Filling the gaps of our faith
David Bahn-Reflections Podcast
Finally, when we could stand it no longer, we decided to stay alone in Athens, 2 and we sent Timothy to visit you. He is our brother and God’s co-worker in proclaiming the Good News of Christ. We sent him to strengthen you, to encourage you in your faith, 3 and to keep you from being shaken by the troubles you were going through. But you know that we are destined for such troubles. 4 Even while we were with you, we warned you that troubles would soon come—and they did, as you well know. 5 That is why, when I could bear it no longer, I sent Timothy to find out whether your faith was still strong. I was afraid that the tempter had gotten the best of you and that our work had been useless.
6 But now Timothy has just returned, bringing us good news about your faith and love. He reports that you always remember our visit with joy and that you want to see us as much as we want to see you. 7 So we have been greatly encouraged in the midst of our troubles and suffering, dear brothers and sisters, because you have remained strong in your faith. 8 It gives us new life to know that you are standing firm in the Lord.

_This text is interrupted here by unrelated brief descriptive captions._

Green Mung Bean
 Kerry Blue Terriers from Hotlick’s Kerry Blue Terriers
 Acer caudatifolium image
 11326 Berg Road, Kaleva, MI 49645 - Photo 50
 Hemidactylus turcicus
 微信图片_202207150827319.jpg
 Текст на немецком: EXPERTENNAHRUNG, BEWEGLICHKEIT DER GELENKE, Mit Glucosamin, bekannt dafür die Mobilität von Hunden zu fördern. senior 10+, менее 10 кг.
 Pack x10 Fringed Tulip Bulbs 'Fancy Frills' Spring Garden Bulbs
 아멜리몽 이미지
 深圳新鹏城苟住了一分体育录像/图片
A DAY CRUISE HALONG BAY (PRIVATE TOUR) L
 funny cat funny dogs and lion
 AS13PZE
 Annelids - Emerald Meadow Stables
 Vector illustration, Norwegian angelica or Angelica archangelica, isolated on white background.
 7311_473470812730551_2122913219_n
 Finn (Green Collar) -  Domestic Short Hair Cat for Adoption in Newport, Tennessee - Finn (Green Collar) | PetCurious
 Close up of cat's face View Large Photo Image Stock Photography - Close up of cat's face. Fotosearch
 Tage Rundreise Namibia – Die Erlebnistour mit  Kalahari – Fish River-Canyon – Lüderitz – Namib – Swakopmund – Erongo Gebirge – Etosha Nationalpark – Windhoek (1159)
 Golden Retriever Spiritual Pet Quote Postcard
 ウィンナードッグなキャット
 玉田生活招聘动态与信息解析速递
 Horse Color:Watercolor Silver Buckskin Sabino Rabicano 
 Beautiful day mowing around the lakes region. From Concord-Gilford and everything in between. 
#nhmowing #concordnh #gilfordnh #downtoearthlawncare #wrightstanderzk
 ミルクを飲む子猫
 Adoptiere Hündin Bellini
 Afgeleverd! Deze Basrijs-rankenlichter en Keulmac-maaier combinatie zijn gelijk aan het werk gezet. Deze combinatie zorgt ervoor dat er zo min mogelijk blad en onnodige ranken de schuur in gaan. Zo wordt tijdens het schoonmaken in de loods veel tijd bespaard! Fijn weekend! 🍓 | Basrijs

9 How we thank God for you! Because of you we have great joy as we enter God’s presence. 10 Night and day we pray earnestly for you, asking God to let us see you again to fill the gaps in your faith.
11 May God our Father and our Lord Jesus bring us to you very soon. 12 And may the Lord make your love for one another and for all people grow and overflow, just as our love for you overflows. 13 May he, as a result, make your hearts strong, blameless, and holy as you stand before God our Father when our Lord Jesus comes again with all his holy people. Amen. – 1 Thessalonians 3:1-13 [NLT]
I was in Cub Scouts when our den visited the local water treatment plant. Rushing water pounded below as we looked over a walkway. Pipes ran from one open tank to the next. Valves, dials, and levers were everywhere my wide eyes looked. It was a really neet thing for a 9 year old boy to see. Then one of the men suddenly pushed me out onto an open grate some 15 feet above one of those tanks. I could look straight down through the gaps in the grate and see the swirling water below. I probably yelled. He and others laughed. Thankfully the grate held me, and even the man who had pushed me stepped out on it with me. I’m not sure it was all that mean spirited. But I didn’t enjoy it.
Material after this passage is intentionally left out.